Performance was measured using Rwork, Rfree, protein model completeness and the time it took the pipeline to finish. Completeness was calculated by moving the built model over the deposited model using CSYMMATCH and then taking the percentage of protein residues in the deposited model that had a matching residue in the built model. A residue was considered to match if N, Cα and C were all within 1 Å. CSYMMATCH uses the space-group symmetry operations to try and match each chain onto the reference model. It also accounts for possible differences in the cell origin, which is important as the molecular-replacement solutions are not guaranteed to have the same origin as the deposited model. Completeness is used as the primary metric for comparison between pipelines. Using R factors would be a less fair comparison because the CCP4i Buccaneer pipeline only builds protein and ModelCraft also builds and waters.
5. Results
Three cases from the molecular-replacement test set and one case from the AlphaFold test set were omitted from this analysis due to failures in either CCP4i Buccaneer or ModelCraft. Fig. 1 shows the completeness of the ModelCraft and CCP4i Buccaneer models for the molecular-replacement and experimental phasing test sets. ModelCraft produced a more complete model for 1290 (96%) of the 1338 molecular-replacement cases. It built 1000 cases (75%) to above 80% completeness, whereas the CCP4i pipeline only built 432 cases (32%) to above 80% completeness. There are also 189 cases (14%) where the completeness from both pipelines is below 20%. The experimental phasing test set was easier, with 1071 (91%) of the 1180 cases being built to above 80% completeness by both pipelines. Even so, ModelCraft builds a more complete model in 870 cases (74%). Both pipelines perform better when the data resolution and phase quality are higher. For the molecular-replacement test set, the mean ModelCraft completeness at 3 Å resolution is similar to the mean CCP4i Buccaneer completeness at 1.5 Å resolution. Both pipelines performed well on the experimental phasing test set so the difference is smaller for this set. The molecular-replacement test set was constructed to have a roughly even spread of resolutions between 1 and 3.5 Å and F-map correlations between 0.2 and 0.9. The experimental phasing test set has fewer cases with low resolutions and poor phases. However, it appears that ModelCraft performs better than the CCP4i Buccaneer pipeline when starting from poor experimental phases.

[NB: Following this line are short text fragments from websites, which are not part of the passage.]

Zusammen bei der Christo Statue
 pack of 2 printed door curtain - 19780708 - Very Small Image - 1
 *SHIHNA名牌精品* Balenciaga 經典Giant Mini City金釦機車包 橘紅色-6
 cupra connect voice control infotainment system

Fig. 2 shows the extra completeness gained from using ModelCraft against the extra time that it takes to run compared with the CCP4i Buccaneer pipeline. The time comparison is not exact because user CPU time was measured for the CCP4i Buccaneer pipeline but elapsed real time was measured for ModelCraft because it includes programs that do not report CPU time. Competition for resources between pipelines executed in parallel is likely to cause the elapsed real time to be longer. However, it is expected that ModelCraft will always be slower as the CCP4i pipeline runs for five cycles and ModelCraft runs for a minimum of five cycles with more steps included in each cycle. The mean amount of extra time is 2 h 1 min, from 21 min in the CCP4i pipeline to 2 h 23 min in ModelCraft. The median extra time is 1 h 6 min. The mean extra completeness is 28 percentage points, from 50% in the CCP4i pipeline to 78% in ModelCraft. The median extra completeness is 16 percentage points.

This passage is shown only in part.